L’occasione per questa sintetica ma chiara enunciazione è stata offerta, a fine settembre, dall’annuale convegno organizzato da Alenia Aeronautica, questa volta a Sorrento, sul tema «Dalle competenze alle strategie, come affrontare i mercati globali». Il generale Botondi è esperto in materia di armamenti, sia perché da giovane è stato allievo delle Scuole di Guerra italiana e francese, sia per gli incarichi ricoperti nel corso della carriera, sia infine per l’attuale ruolo di responsabile nazionale degli armamenti. In questa intervista il generale illustra la posizione dei vertici delle Forze Armate nel contesto globale in cui opera l’industria della Difesa.

Domanda. Quali sono a suo avviso i principali fattori di cui devono tener conto gli operatori del settore - politici, industriali e militari -, le strategie necessarie per affrontare con successo una sfida che ha ormai, nei diversi settori, un carattere sempre più ampio e interconnesso?
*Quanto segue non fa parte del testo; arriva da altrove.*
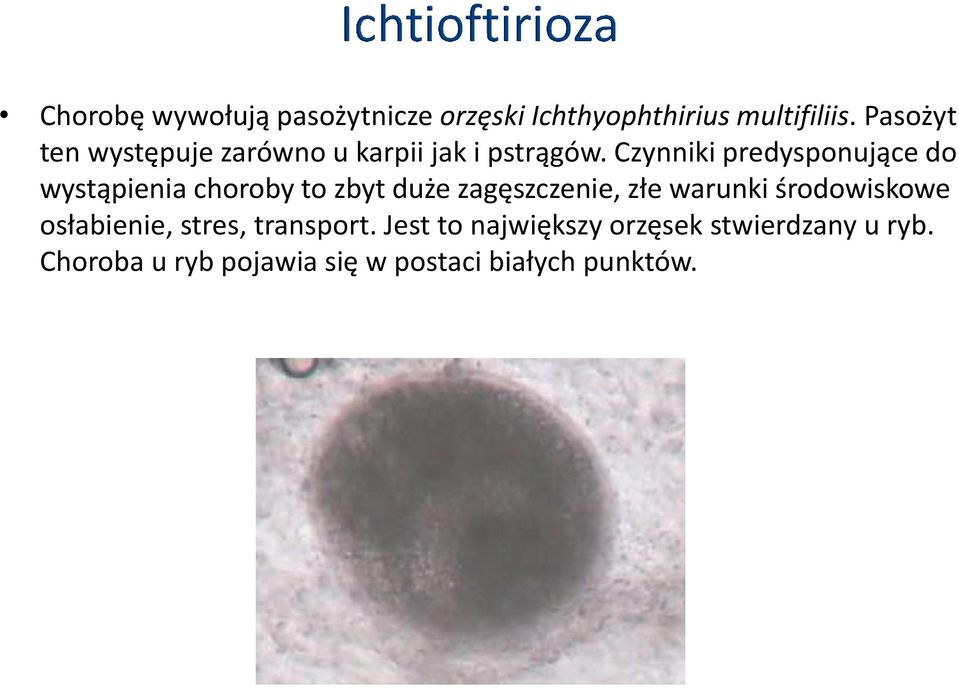 Czynniki predysponujące do wystąpienia choroby to zbyt duże zagęszczenie, złe warunki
Risposta. Alcuni dei temi principali sul tappeto - all’attenzione di tutti gli operatori che, con diverse competenze, si occupano della materia -, sono l’interdipendenza sempre più stretta dei mercati, nella prospettiva della globalizzazione; il ruolo degli Stati Uniti e quello (in parte non ancora pienamente sviluppato) dell’Europa, quali fattori centrali della politica di sicurezza internazionale; la riaffermazione della qualificata presenza russa; il «peso» del Giappone e quello crescente di Cina e India, sul piano economico non meno che politico e militare; e, ancora, i problemi dell’energia, delle risorse idriche e dell’ambiente, tutti all’origine di potenziali conflittualità future la cui ampiezza e intensità potrebbero far impallidire le pur drammatiche crisi originate dal terrorismo e dai conflitti «tradizionali». Non è pensabile di poter affrontare in maniera vincente queste sfide mediante una soluzione «separata» e isolata da parte dei singoli protagonisti, siano essi politici, militari o industriali: è, questa, una considerazione che vale sia in ambito nazionale sia, inevitabilmente, in ambito internazionale.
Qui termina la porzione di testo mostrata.